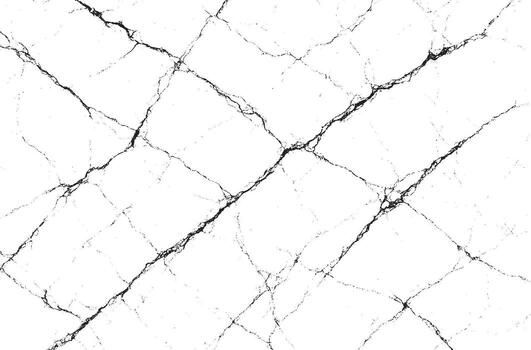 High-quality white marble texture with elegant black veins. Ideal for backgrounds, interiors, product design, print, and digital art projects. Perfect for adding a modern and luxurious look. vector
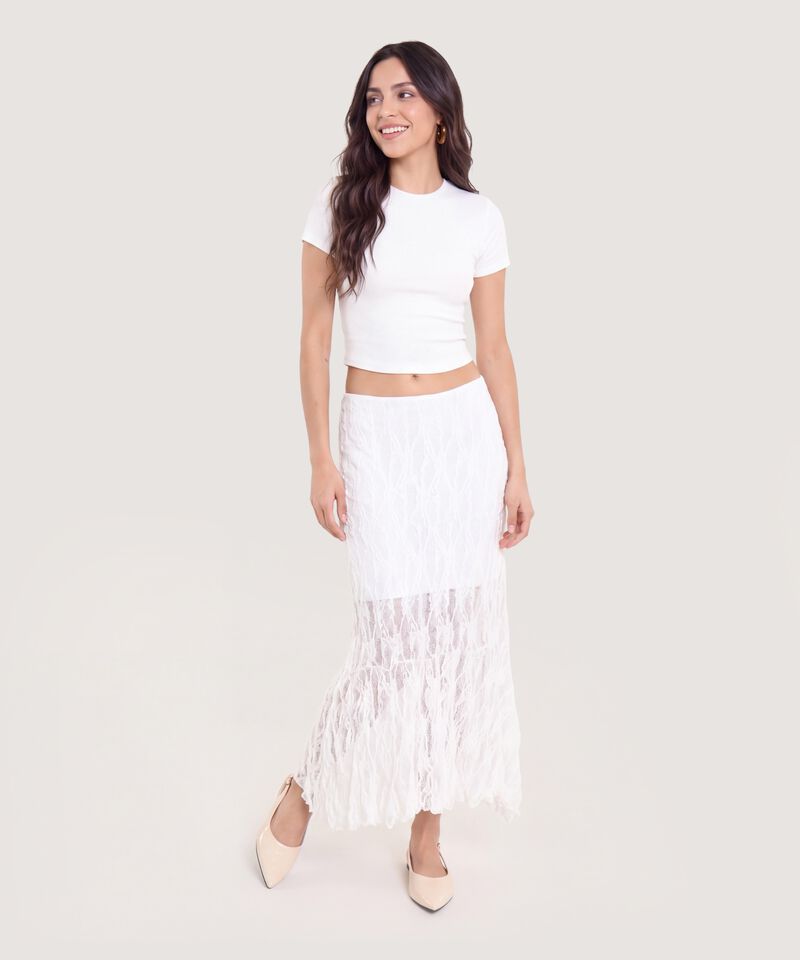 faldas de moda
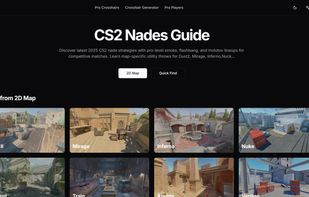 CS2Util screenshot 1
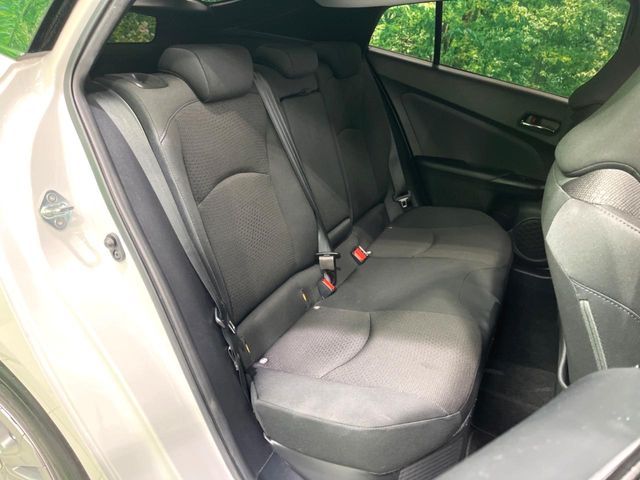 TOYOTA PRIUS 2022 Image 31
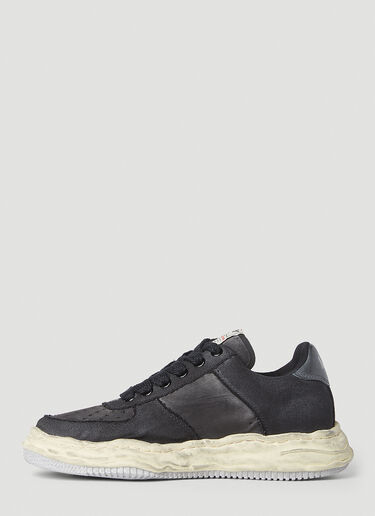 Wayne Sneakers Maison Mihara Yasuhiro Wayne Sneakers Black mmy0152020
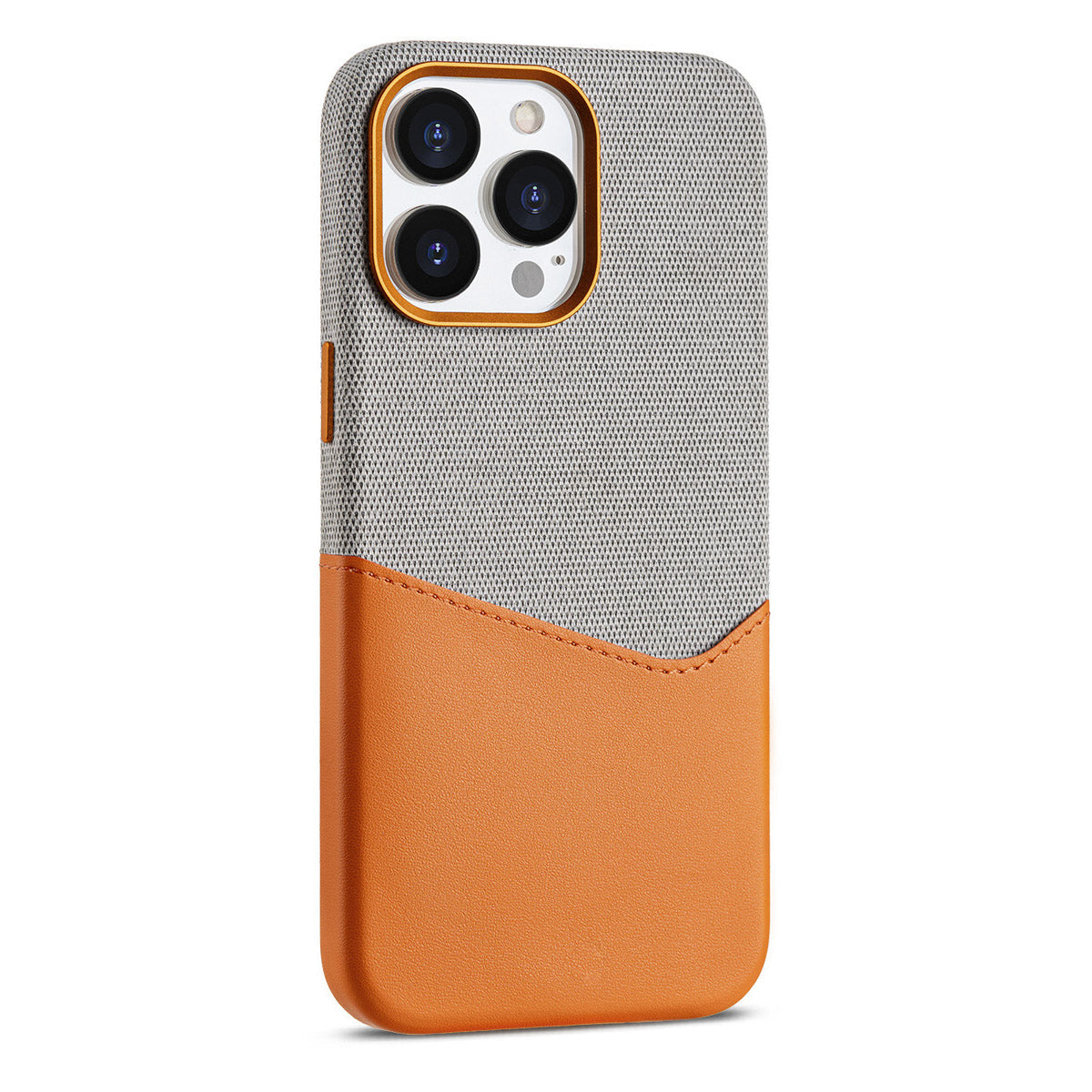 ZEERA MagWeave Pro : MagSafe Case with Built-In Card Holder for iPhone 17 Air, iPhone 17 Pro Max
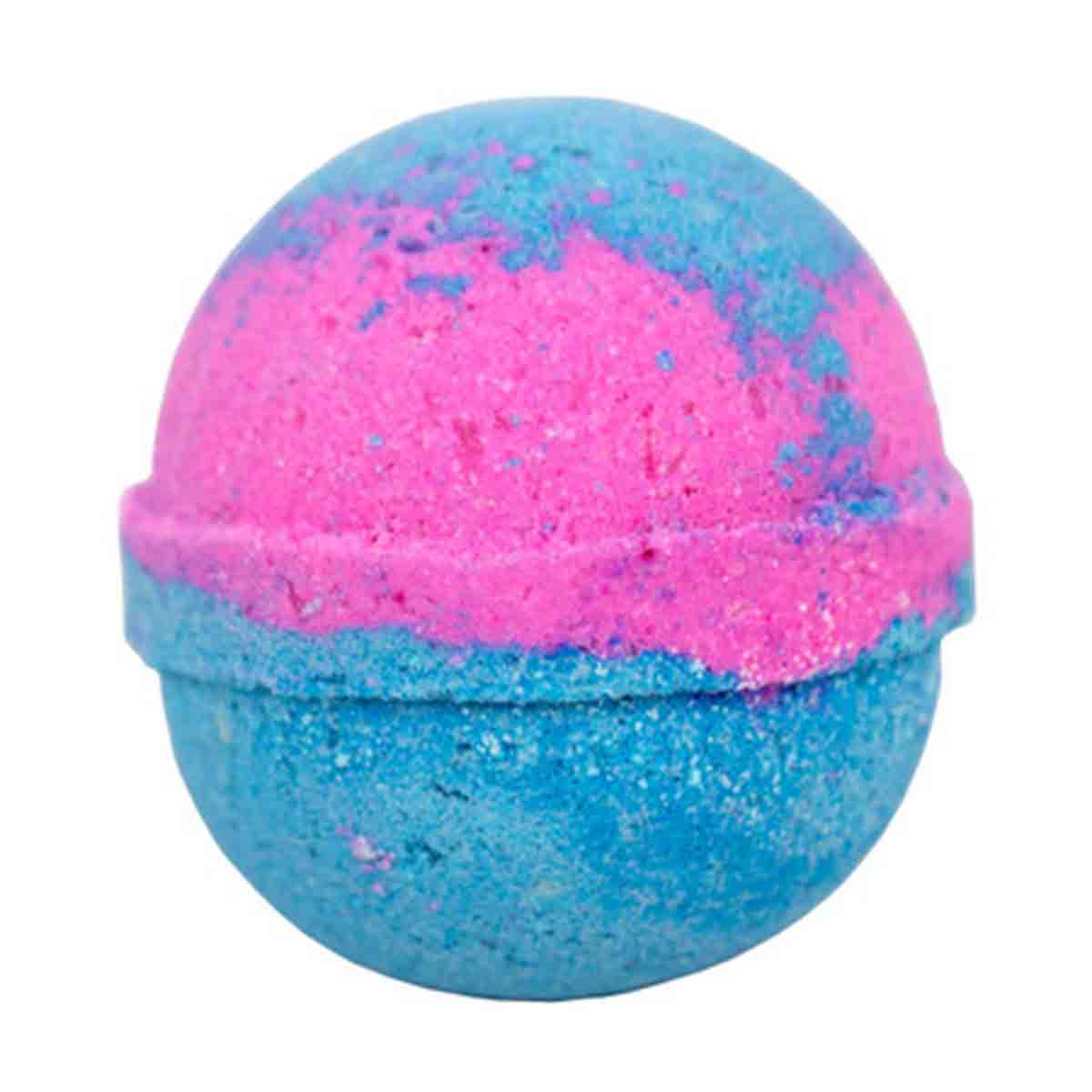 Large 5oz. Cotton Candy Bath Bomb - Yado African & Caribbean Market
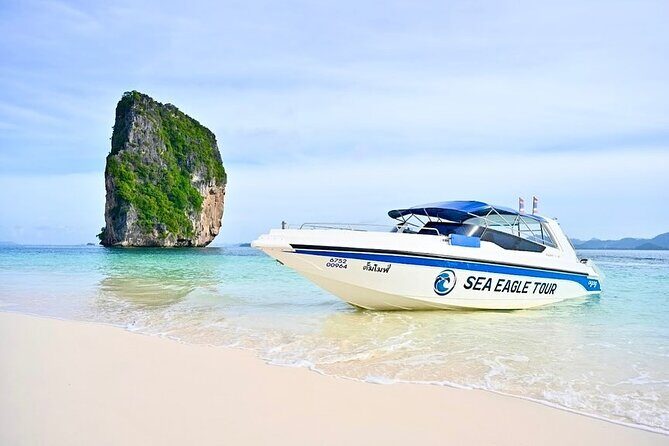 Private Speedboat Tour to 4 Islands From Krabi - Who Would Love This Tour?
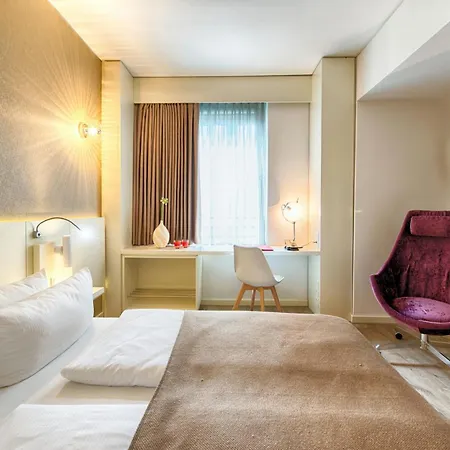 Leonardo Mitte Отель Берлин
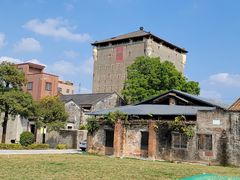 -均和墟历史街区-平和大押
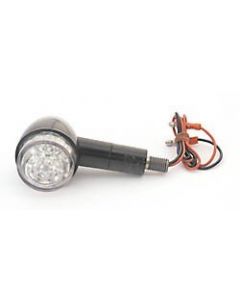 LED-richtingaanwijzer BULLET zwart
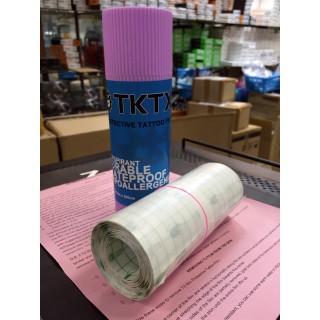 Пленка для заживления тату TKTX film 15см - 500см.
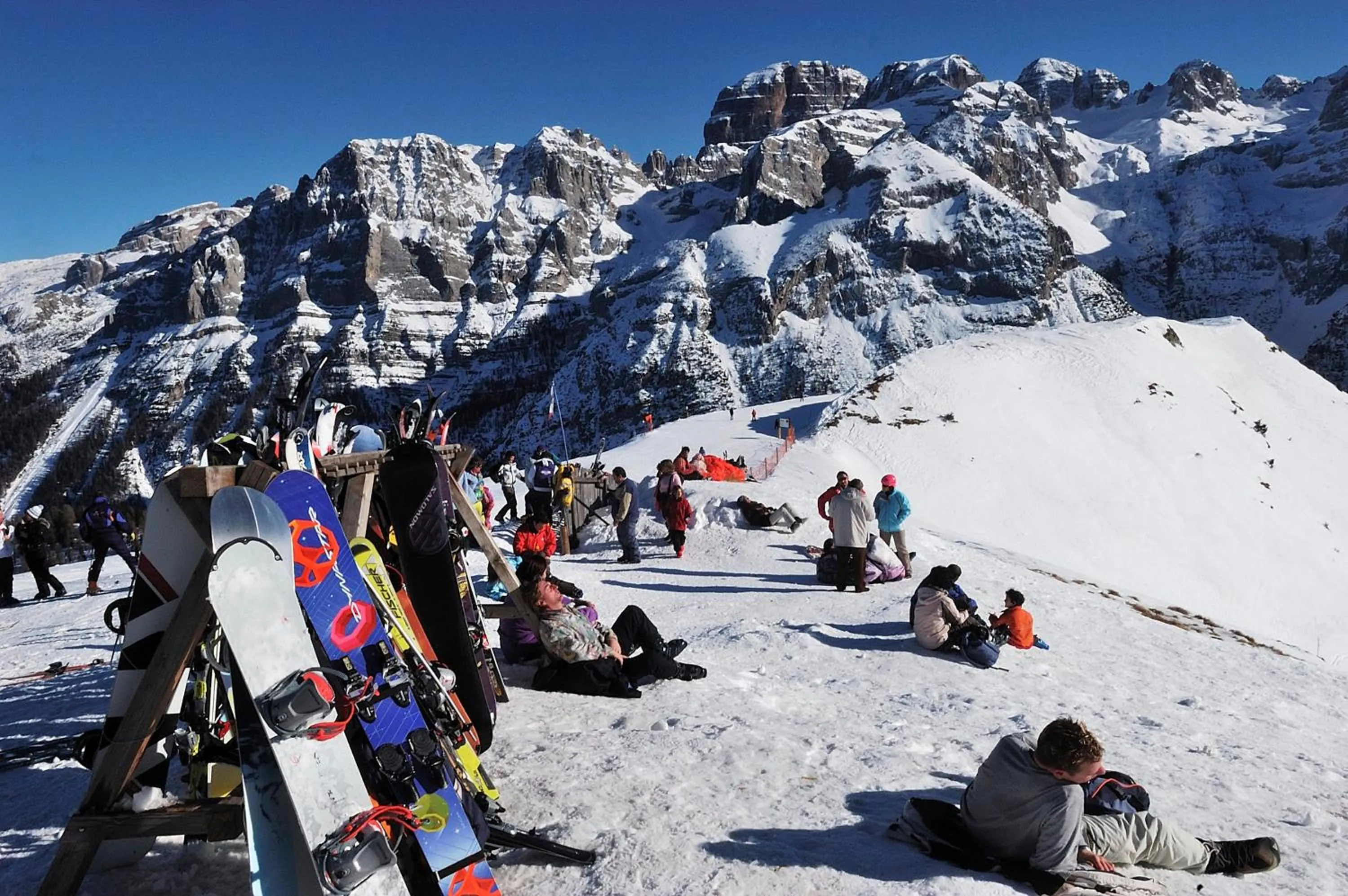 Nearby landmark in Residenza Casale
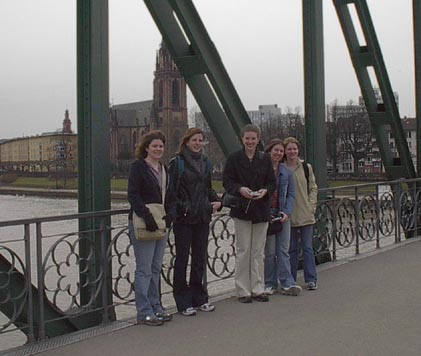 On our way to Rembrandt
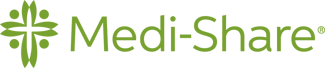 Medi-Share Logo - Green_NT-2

WHAT YOU WILL DO:
Transcribe all of the lines above exactly as given. The pictures stay out.

ANSWER SPACE:
 High-quality white marble texture with elegant black veins. Ideal for backgrounds, interiors, product design, print, and digital art projects. Perfect for adding a modern and luxurious look. vector
 faldas de moda
 CS2Util screenshot 1
 TOYOTA PRIUS 2022 Image 31
 Wayne Sneakers Maison Mihara Yasuhiro Wayne Sneakers Black mmy0152020
 ZEERA MagWeave Pro : MagSafe Case with Built-In Card Holder for iPhone 17 Air, iPhone 17 Pro Max
 Large 5oz. Cotton Candy Bath Bomb - Yado African & Caribbean Market
 Private Speedboat Tour to 4 Islands From Krabi - Who Would Love This Tour?
 Leonardo Mitte Отель Берлин
 -均和墟历史街区-平和大押
 LED-richtingaanwijzer BULLET zwart
 Пленка для заживления тату TKTX film 15см - 500см.
 Nearby landmark in Residenza Casale
 On our way to Rembrandt
 Medi-Share Logo - Green_NT-2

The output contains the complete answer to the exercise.